Crawled caption data
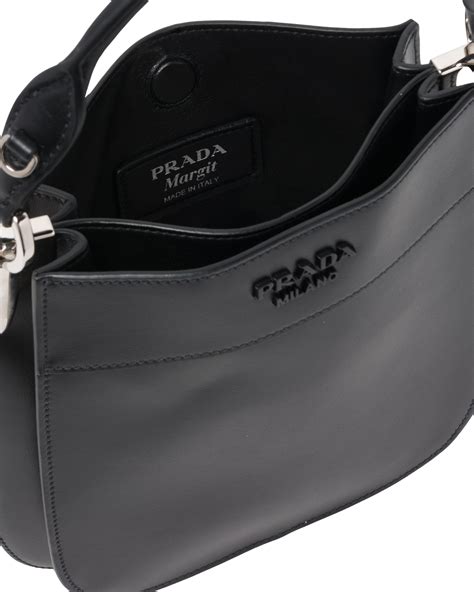 prada city calfskin small red margit bag black|Black Small Leather Prada Margit bag .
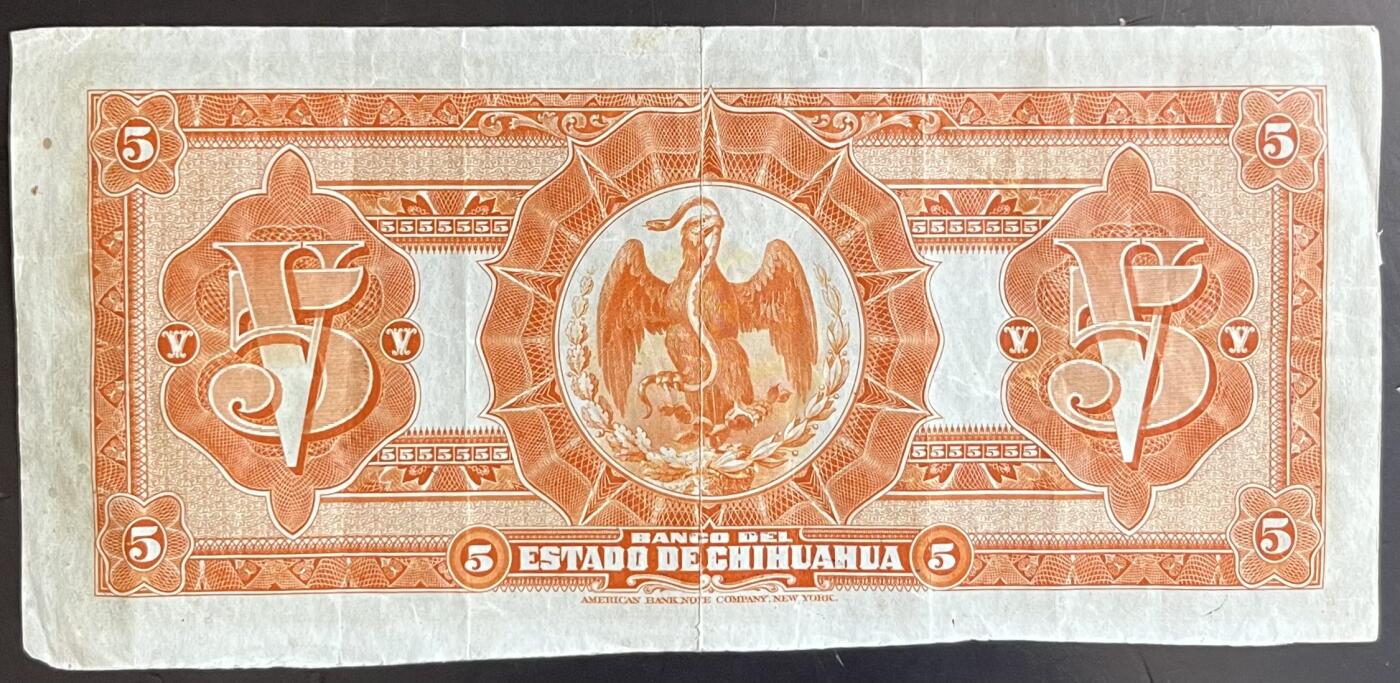 小福收藏拍卖第201期 流通品相裸钞 特惠场 本场拍卖美洲大洋洲非洲亚洲纸币【佣金仅收2% 不设最低佣金 全场包邮】 墨西哥 1913年 5比索 矿工 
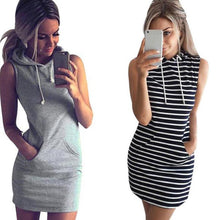 Summer Dress Striped Hoody Sleevelss Casual MIni Short Solid Ladies Summer Dress Vestido De Verano#B715
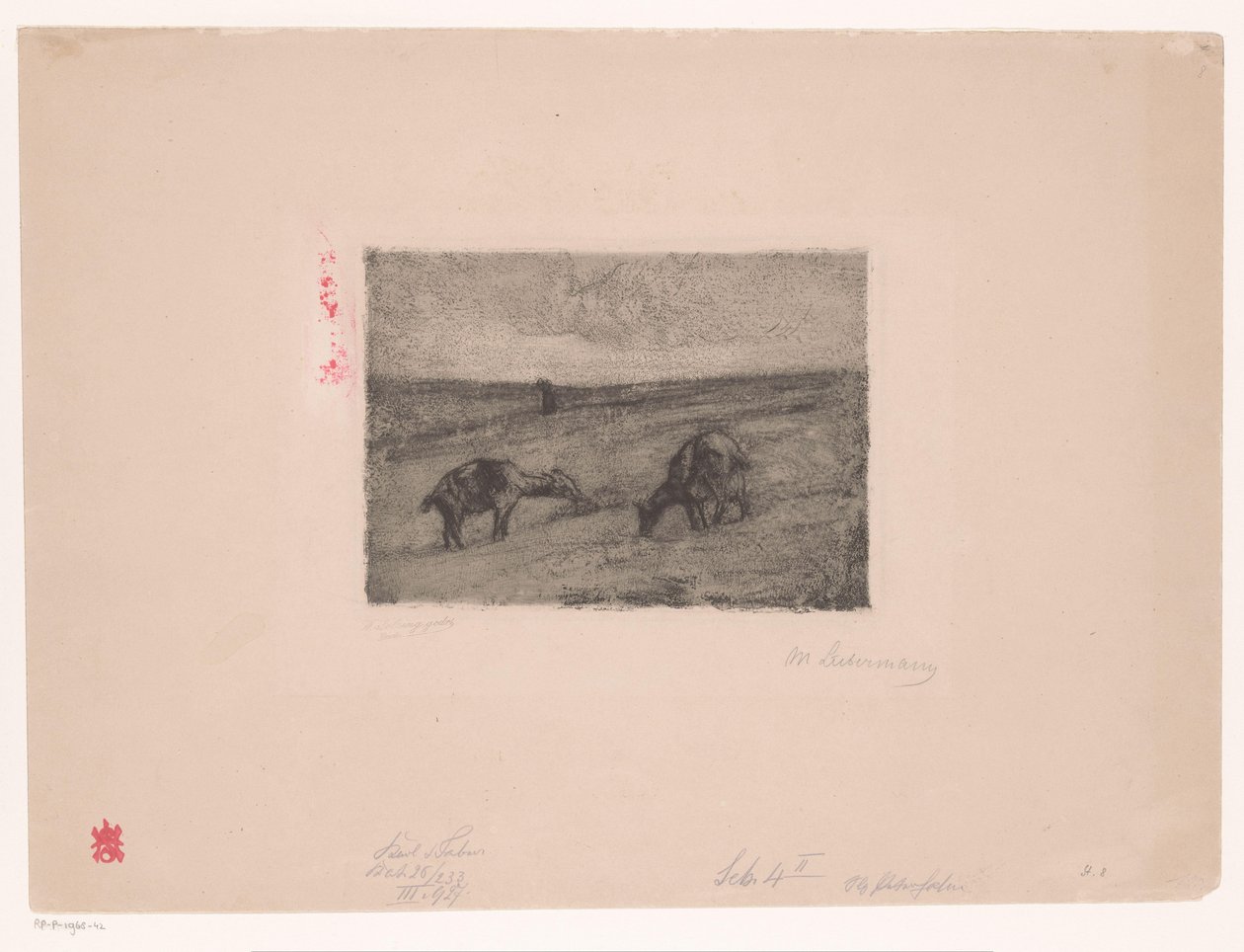 Landskab med græssende geder af Max Liebermann (signed by artist)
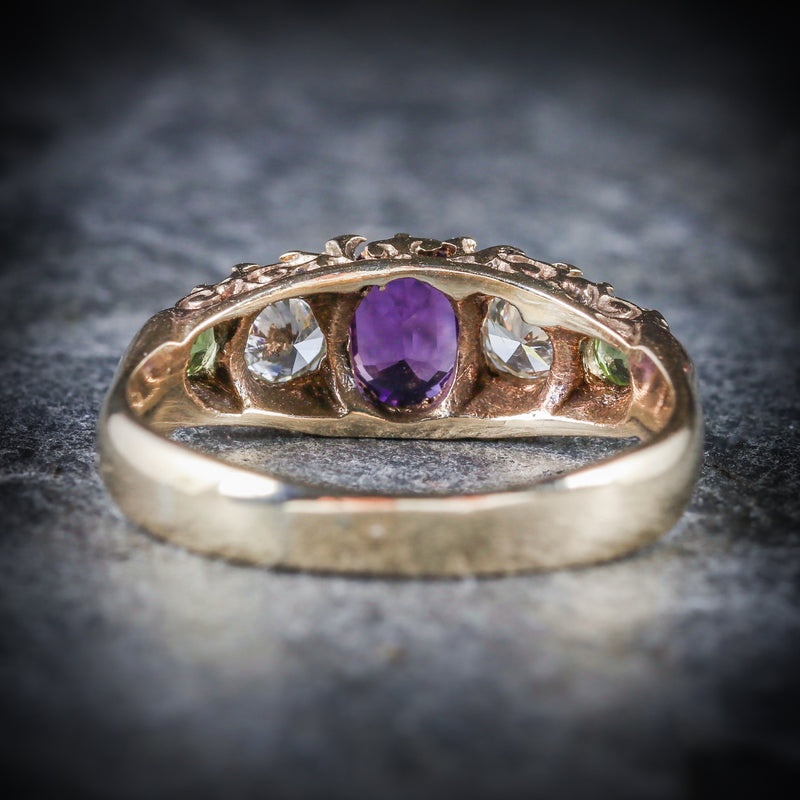 Antique Victorian Suffragette Ring Diamond Amethyst Peridot Circa 1900 BACK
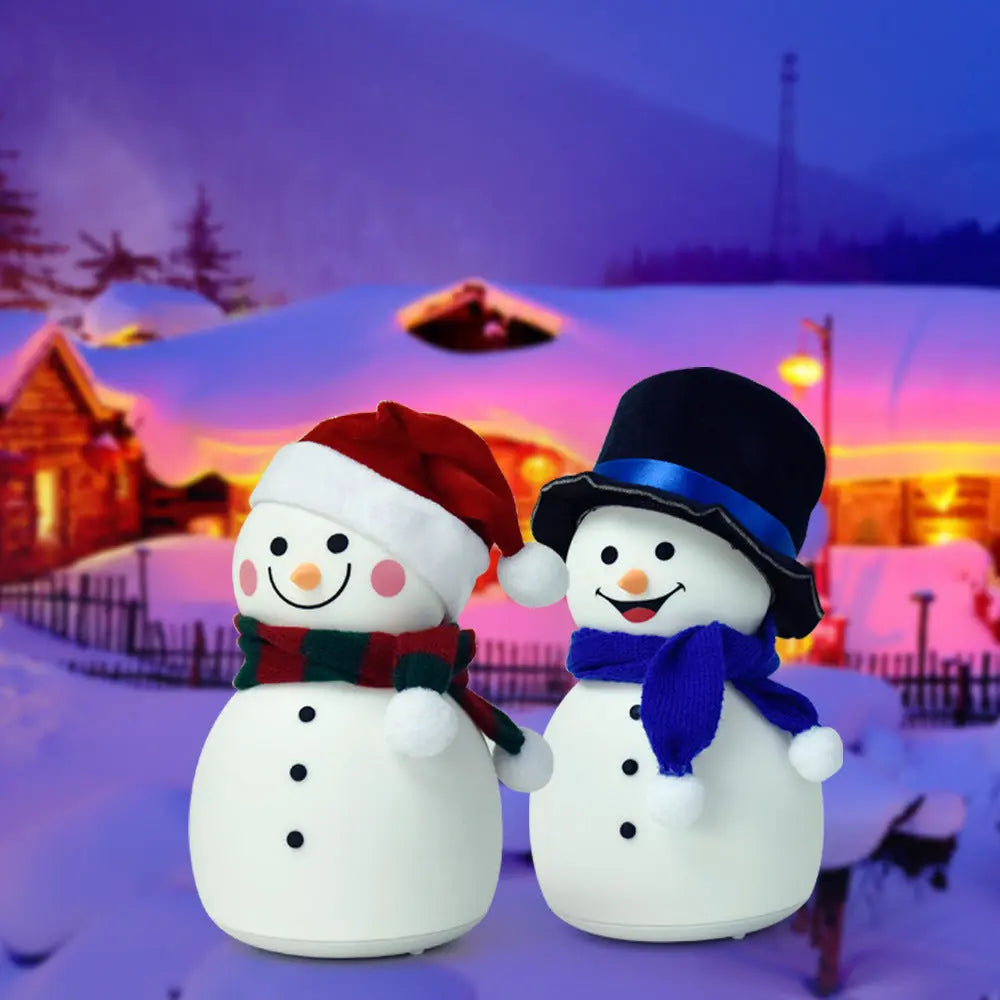 Christmas Snowman Music Night Light Rechargeable Portable 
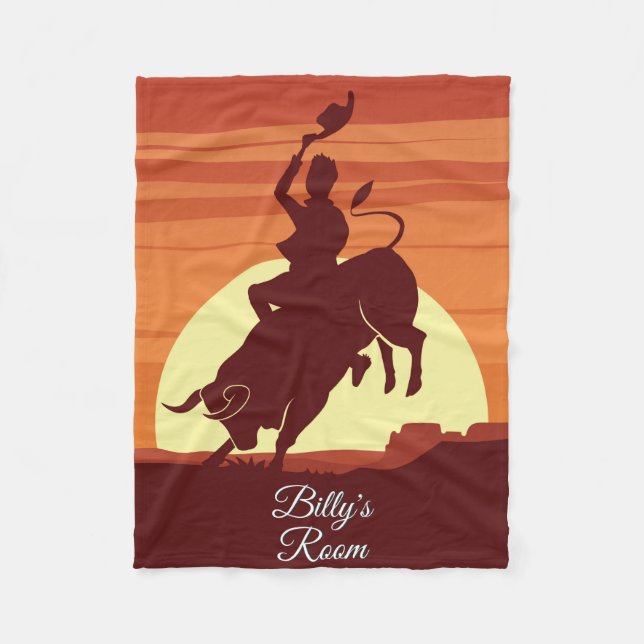 Bull Riding Cowboy Rodeo Personalisiert Fleecedecke (Vorderseite)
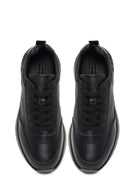 Men's Black Lace-Up Thick-Soled Leather Sneaker | Derimod Men's Black Lace-Up Thick-Soled Leather Sneaker | Derimod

> **WHAT YOU NEED TO DO**:
Can you restate all the records above word for word while dropping the pictures?

> **EXERCISE RESPONSE**:
 prada city calfskin small red margit bag black|Black Small Leather Prada Margit bag .
 小福收藏拍卖第201期 流通品相裸钞 特惠场 本场拍卖美洲大洋洲非洲亚洲纸币【佣金仅收2% 不设最低佣金 全场包邮】 墨西哥 1913年 5比索 矿工 
 Summer Dress Striped Hoody Sleevelss Casual MIni Short Solid Ladies Summer Dress Vestido De Verano#B715
 Landskab med græssende geder af Max Liebermann (signed by artist)
 Antique Victorian Suffragette Ring Diamond Amethyst Peridot Circa 1900 BACK
 Christmas Snowman Music Night Light Rechargeable Portable 
 Bull Riding Cowboy Rodeo Personalisiert Fleecedecke (Vorderseite)
 Men's Black Lace-Up Thick-Soled Leather Sneaker | Derimod Men's Black Lace-Up Thick-Soled Leather Sneaker | Derimod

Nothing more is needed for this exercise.